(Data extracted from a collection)
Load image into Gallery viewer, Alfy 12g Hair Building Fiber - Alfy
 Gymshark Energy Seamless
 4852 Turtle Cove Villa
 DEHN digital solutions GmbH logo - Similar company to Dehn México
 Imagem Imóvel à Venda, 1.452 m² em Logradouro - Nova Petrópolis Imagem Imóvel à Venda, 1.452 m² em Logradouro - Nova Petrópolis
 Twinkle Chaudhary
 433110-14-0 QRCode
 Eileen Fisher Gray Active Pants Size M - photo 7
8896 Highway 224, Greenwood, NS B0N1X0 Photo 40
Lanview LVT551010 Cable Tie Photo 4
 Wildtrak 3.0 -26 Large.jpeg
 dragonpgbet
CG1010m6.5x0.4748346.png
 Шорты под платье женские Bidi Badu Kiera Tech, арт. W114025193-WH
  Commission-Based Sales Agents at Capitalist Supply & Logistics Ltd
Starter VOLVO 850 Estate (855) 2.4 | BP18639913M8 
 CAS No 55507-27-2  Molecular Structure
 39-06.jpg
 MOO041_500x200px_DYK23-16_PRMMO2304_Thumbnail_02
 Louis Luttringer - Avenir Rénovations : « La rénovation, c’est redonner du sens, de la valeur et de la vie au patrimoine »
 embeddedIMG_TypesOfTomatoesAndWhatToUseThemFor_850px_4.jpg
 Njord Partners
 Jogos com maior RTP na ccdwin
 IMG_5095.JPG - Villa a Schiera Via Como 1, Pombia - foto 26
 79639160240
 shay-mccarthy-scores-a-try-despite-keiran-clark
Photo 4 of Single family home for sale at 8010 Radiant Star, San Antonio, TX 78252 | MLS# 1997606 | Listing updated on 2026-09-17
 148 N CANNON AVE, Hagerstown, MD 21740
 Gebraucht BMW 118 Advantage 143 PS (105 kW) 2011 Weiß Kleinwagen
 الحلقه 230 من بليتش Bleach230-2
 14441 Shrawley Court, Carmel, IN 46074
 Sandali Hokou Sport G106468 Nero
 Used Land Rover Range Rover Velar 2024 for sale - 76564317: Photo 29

◆ WORK REQUEST:
Return word for word the lines above from the line with "Nova Petrópolis Imagem" to the line with "shay-mccarthy-scores-a-try-despite-keiran-clark", including both and leaving out all others.

◆ SOLUTION TO THE EXERCISE:
 Imagem Imóvel à Venda, 1.452 m² em Logradouro - Nova Petrópolis Imagem Imóvel à Venda, 1.452 m² em Logradouro - Nova Petrópolis
 Twinkle Chaudhary
 433110-14-0 QRCode
 Eileen Fisher Gray Active Pants Size M - photo 7
8896 Highway 224, Greenwood, NS B0N1X0 Photo 40
Lanview LVT551010 Cable Tie Photo 4
 Wildtrak 3.0 -26 Large.jpeg
 dragonpgbet
CG1010m6.5x0.4748346.png
 Шорты под платье женские Bidi Badu Kiera Tech, арт. W114025193-WH
  Commission-Based Sales Agents at Capitalist Supply & Logistics Ltd
Starter VOLVO 850 Estate (855) 2.4 | BP18639913M8 
 CAS No 55507-27-2  Molecular Structure
 39-06.jpg
 MOO041_500x200px_DYK23-16_PRMMO2304_Thumbnail_02
 Louis Luttringer - Avenir Rénovations : « La rénovation, c’est redonner du sens, de la valeur et de la vie au patrimoine »
 embeddedIMG_TypesOfTomatoesAndWhatToUseThemFor_850px_4.jpg
 Njord Partners
 Jogos com maior RTP na ccdwin
 IMG_5095.JPG - Villa a Schiera Via Como 1, Pombia - foto 26
 79639160240
 shay-mccarthy-scores-a-try-despite-keiran-clark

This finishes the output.